Aujourd'hui j'allais terminer les essayage de ma robe de demoiselle d'honneur chez Alice avec Rosalie, le mariage étant dans deux semaines. Rosalie était excité mais pas autant qu'Alice qui avait vu à l'organisation de l'évènement en entier ainsi qu'à tous les costumes et les robes du cortèges. Nous en avions presque terminés, lorsque les filles commencèrent à me poser des questions au sujet de ma mère.

-Je suis désolée Bella, mais je crois que tu as besoin d'un coup de pouce pour prendre la décision de revoir ta mère, dit Alice tout en piquant une aiguille dans le bas de ma robe.

-Alice… je n'ai pas envie de parler de ça, marmonnai-je.

-Elle a raison Bella. Tu dois prendre une décision, renchérit Rosalie.

Je savais bien qu'Alice avait raison, mais j'hésitais toujours.

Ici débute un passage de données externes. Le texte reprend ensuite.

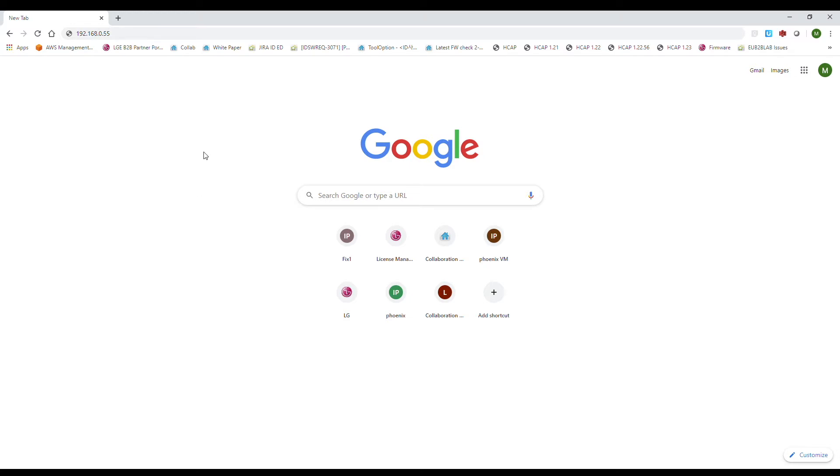Once you have it, please open the Chrome browser, or if you don't have it yet, download and install it. We recommend using Chrome because our application was designed for the Chrome browser.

-Pourquoi, tu nous dis pas ce qui t'empêche d'y aller ? dit Alice.

-J'ai peur.

-Peur de quoi ? C'est ta mère, elle sera surement heureuse de te retrouver ? dit Alice.

-Alice, ça fait 5 ans qu'elles ne se sont pas vues. Bella a fuguée. Elle a le droit d'avoir des craintes vis-à-vis la réaction de sa mère, dit Rosalie

-Excuse-moi Bella, je ne réalise pas vraiment, chuchota Alice.

-Non, ça va. Tu as terminé ?

-Oui, tu peux l'enlever. Merci Bella.

J'enlevai ma robe et mes chaussures à talons. Je passai un jeans, un débardeur et des converses et je retournai vers mes belles-sœurs. Je n'étais pas sortie de cette discussion concernant ma mère.

-Bella, je peux te donner mon avis ? dit Alice.

-Si je dis non, tu vas me la donner quand même, alors, donne-moi ton avis Alice, rigolais-je.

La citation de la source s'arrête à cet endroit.